American University Hosts EcoTerrorist

, Malcolm A. Kline, Leave a comment

American University (AU) went beyond being environmentally-friendly when it hosted convicted eco-terrorist Rodney Coronado [pictured] two years ago.

Convicted in federal court of a bombing at the University of Michigan ten years ago, Coronado was captured on videotape at AU giving his audience a demonstration of how to make a bomb two years ago. “This little one works nice,” Coronado said while holding a plastic jug, “and you destroy the profits that were brought about through animal and earth abuse.”

“That’s about two dollars.” The videotape of Coronado’s talk was played at a hearing held by the U. S. Senate Committee on the Environment and Public Works on May 18th. Coronado, a federal court determined in 1995, has long been active in the Animal Liberation Front (ALF) and planned and executed many of its attacks on businesses and research labs.

“By tracing his use of a telephone calling card, investigators discovered that Coronado was in the vicinity of virtually every ALF attack immediately before or after it occurred,” Coronado’s 1995 conviction reads. “For example, when the ALF struck [Washington State University] WSU’s Pullman, Washington campus, Coronado and two females were in Pullman ‘house sitting.”

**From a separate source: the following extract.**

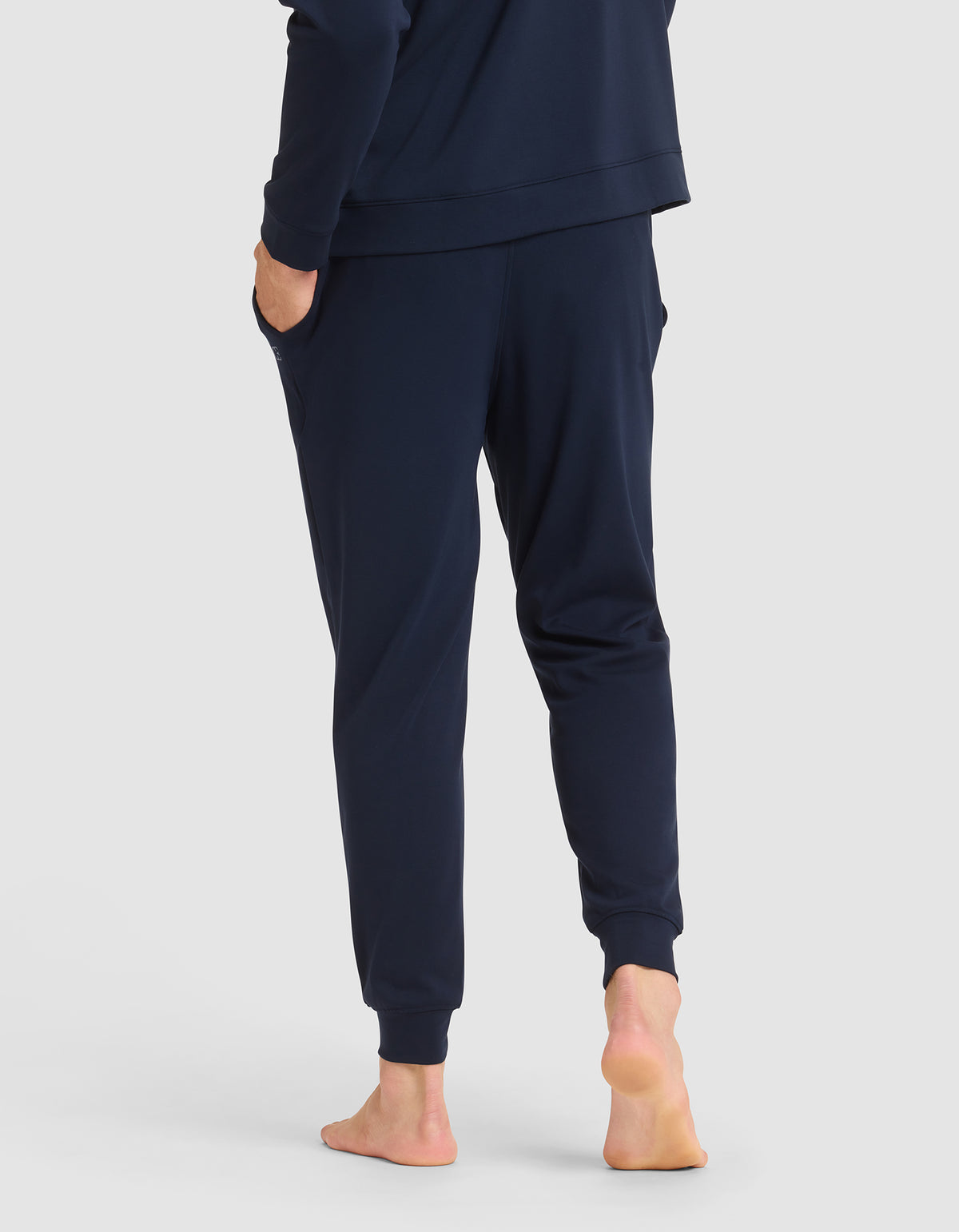 A person stands barefoot on a white surface, shown from the back wearing Cozy Earth's Men's Brushed Bamboo Jogger Pant in navy blue with a matching long-sleeve top. One hand is in a pocket and the left heel is slightly lifted.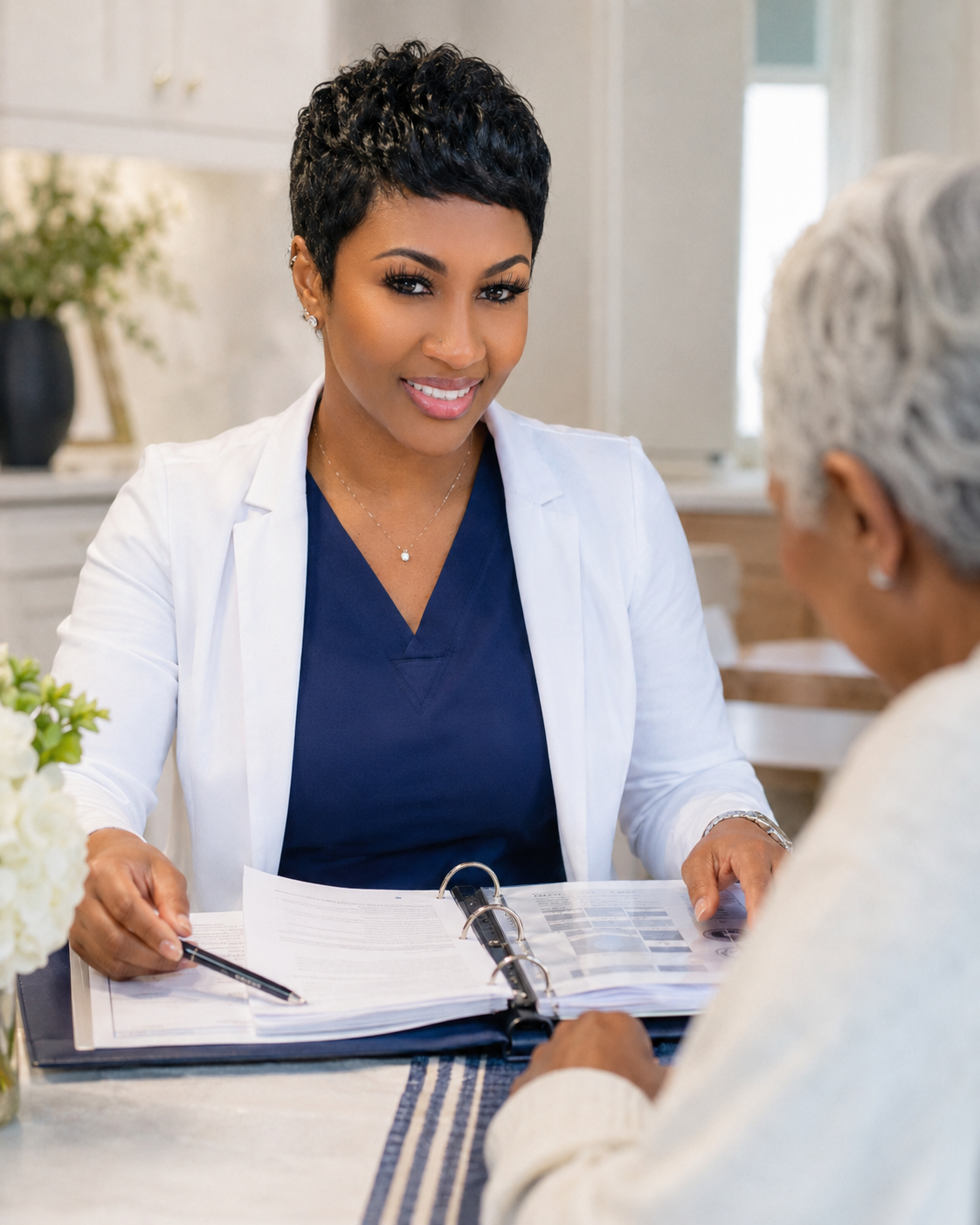Well-organized health binder on a desk, person reviewing documents calmly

“You know, those people, I think that they should appreciate that we only target their property,” Coronado said at the 2003 National Conference on Organized Resistance (NCOR) at AU. The NCOR has been an annual event at AU since 1998. The 2004 meeting featured a workshop on “An Analysis of Politically Motivated Property Destruction as a Legitimate Tactic.”

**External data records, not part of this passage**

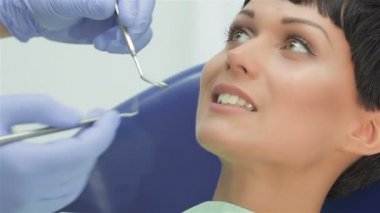 Diş hekimi diş dikkatle inceliyor hasta kız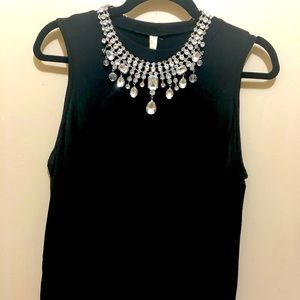 A cold shoulder dress and a statement necklace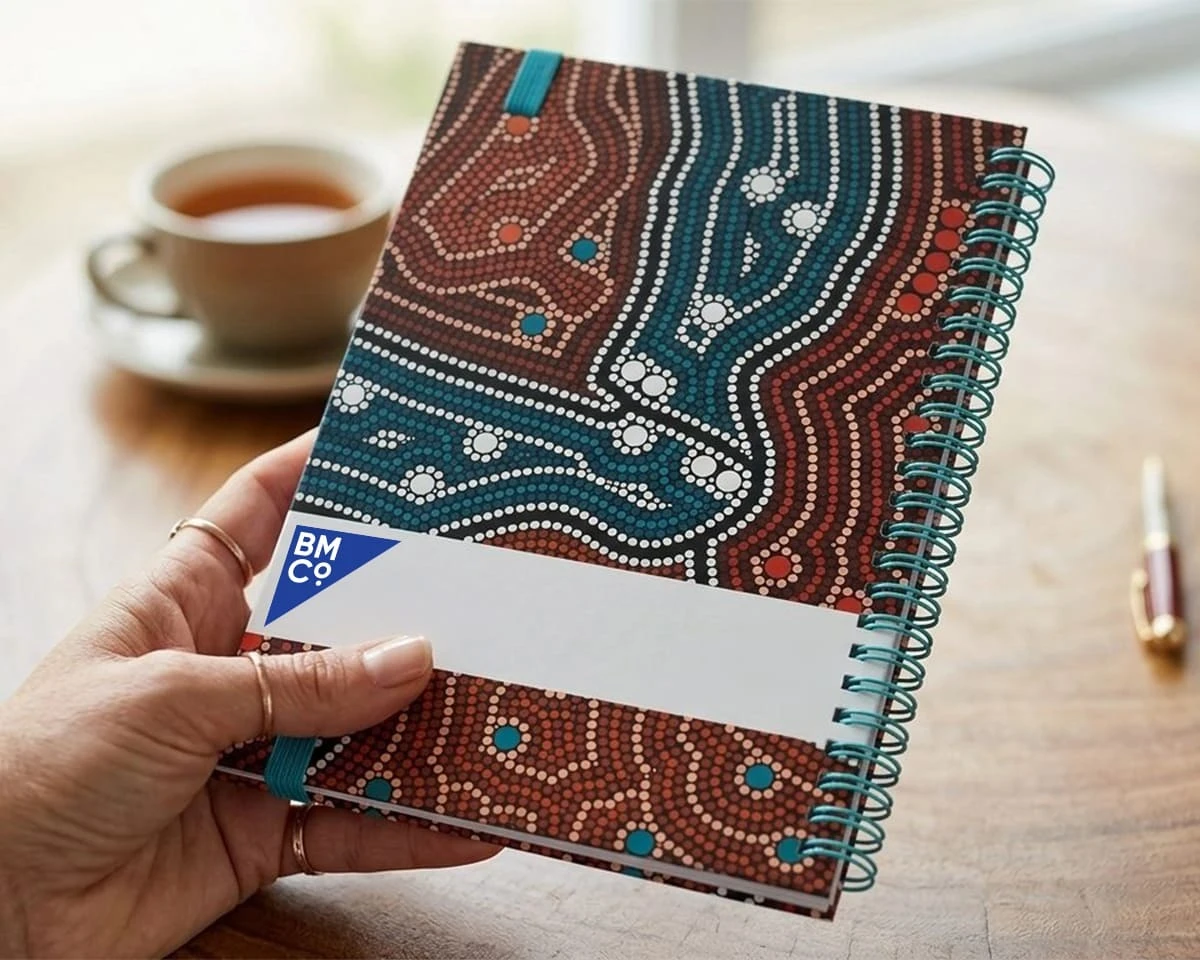 An A5 wira notebook with an indigenous design
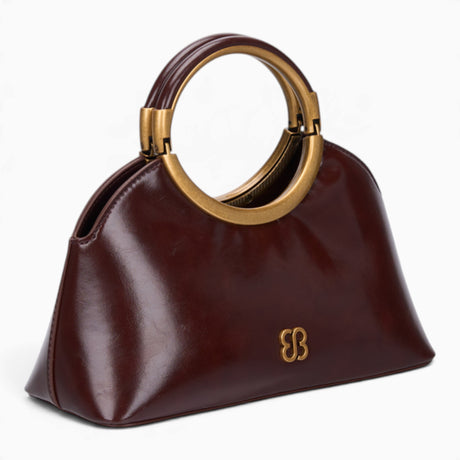 Coffee ring handle crossbody bag, angled view showing the sculptural ring handle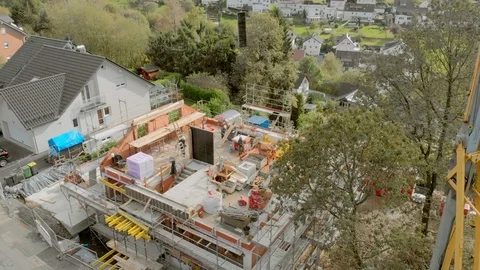 Construction workers build a house shooting from the air Stock Footage 121728440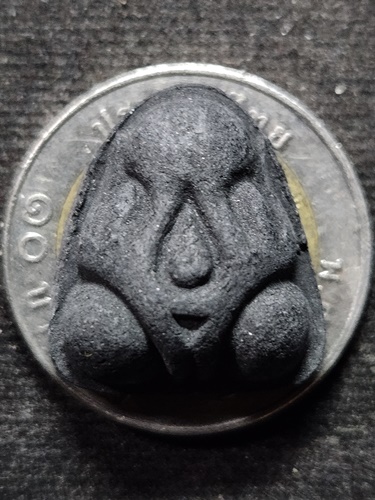 วัดกำแพง จ.ชลบุรี พระปิดตามหาอุตม์ หลวงปู่เหมือน  หลังยันต์อุ ปี2522 เนื้อผงดำ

“Every time a police agency pepper sprays or use pain compliance holds against our people, their car should burn,” Coronado said in his lecture at AU. “So along these same lines, as a direct action warrior, it made a lot of sense to me to attack institutions in the fur trade, in the animal abuse industry, in the timber industry with fire because those, as I said before, those buildings were built for no other purpose than to destroy life.”

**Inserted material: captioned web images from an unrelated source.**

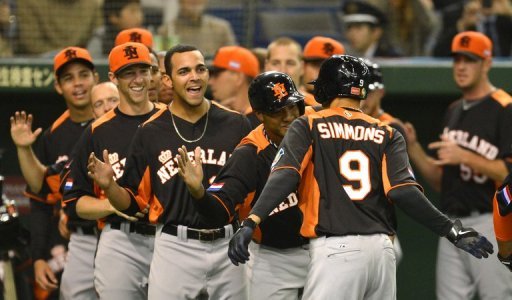 Dutch infielder Andrelton Simmons (no. 9) is congratulated by his teammates during their WBC game on March 12, 2013 Dutch infielder Andrelton Simmons (no. 9) is congratulated by his teammates during their WBC game on March 12, 2013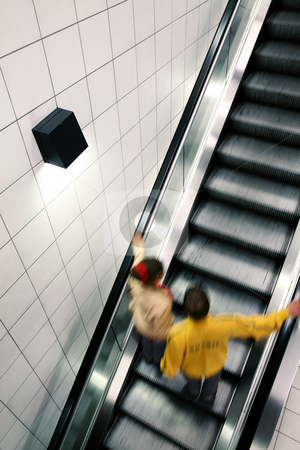 To use this stock image in your creative project, please select the size you need over to the right and click the "Add to Cart" button.
Your downloaded image will come with the Cutcaster watermark removed so don’t worry about the watermark you see on this page. Escalator, grey stock photo, Couple moving on escalator, with motion blur by Tilo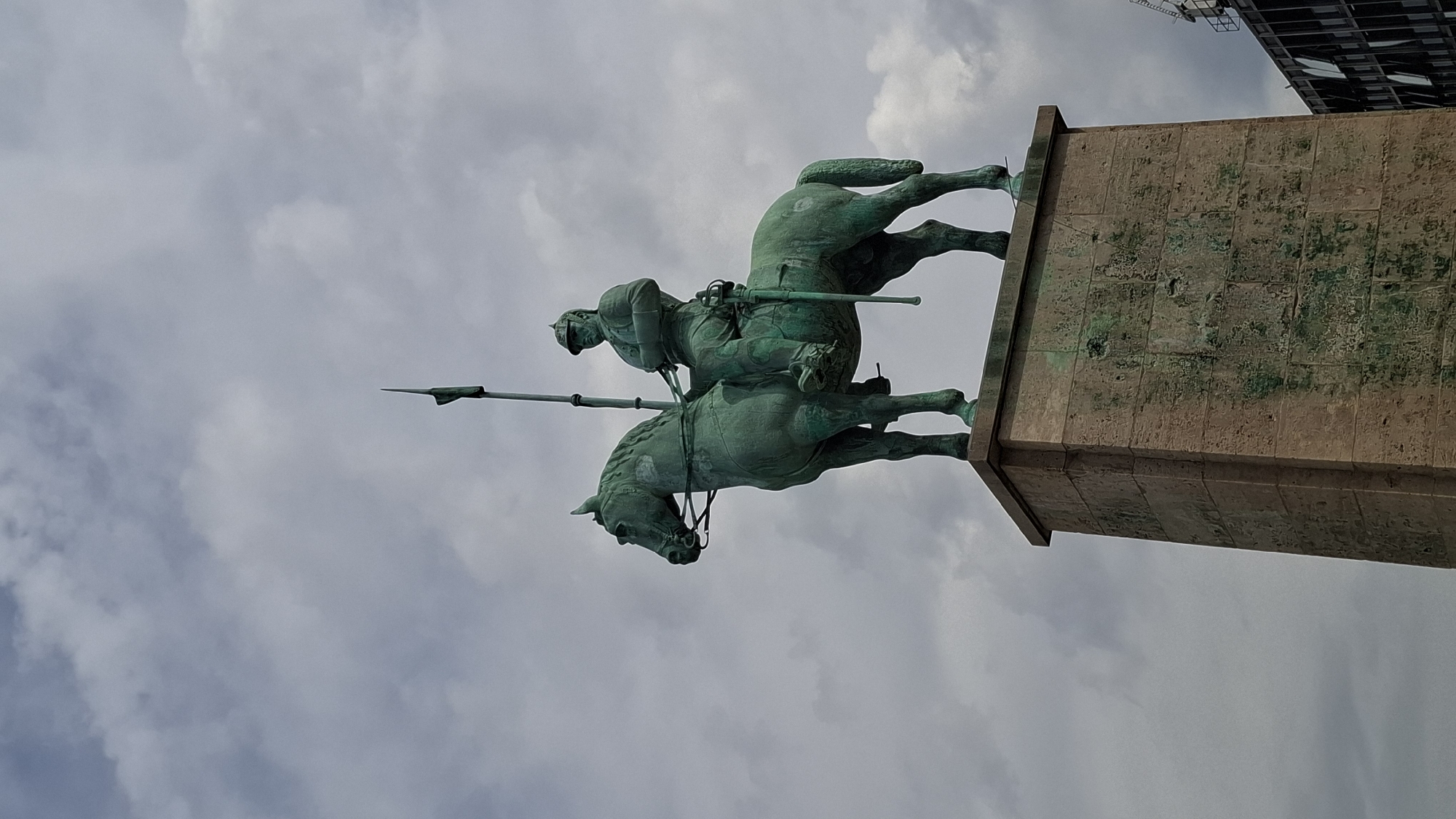 An equestrian statue, weathered to a greenish patina, depicts a figure in armor riding a horse. The rider holds a tall spear upright, its tip pointed towards a cloudy sky. The statue is mounted on a tall, rectangular stone pedestal, which appears textured and aged, with visible signs of weathering. In the background, a modern building with dark glass windows and horizontal accents is partially visible on the right. The overall scene is a low-angle shot looking up at the monument against a backdrop of a grey, overcast sky. This monument is the equestrian statue of Kaiser Wilhelm I, located in front of the Cologne Central Station (Hauptbahnhof) in Cologne, Germany.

“And so there is no purpose for them in today’s world,” Coronado argued. “We need to destroy them by any means necessary.”

The organization that federal investigators linked Coronado to during the Clinton years has been doing just that, as have others in the environmental movement. As tracked by the FBI, their crimes over the past two decades run in the thousands and the damage that they have caused totals millions of dollars, at least.

“From January 1990 to June 2004, animal and environmental rights extremists have claimed credit for more than 1,200 criminal incidents, resulting in millions of dollars in damage and monetary loss,” according to the FBI’s John Lewis. A deputy assistant director of the FBI, Lewis also testified at the Senate Environment and Public Works Committee hearing.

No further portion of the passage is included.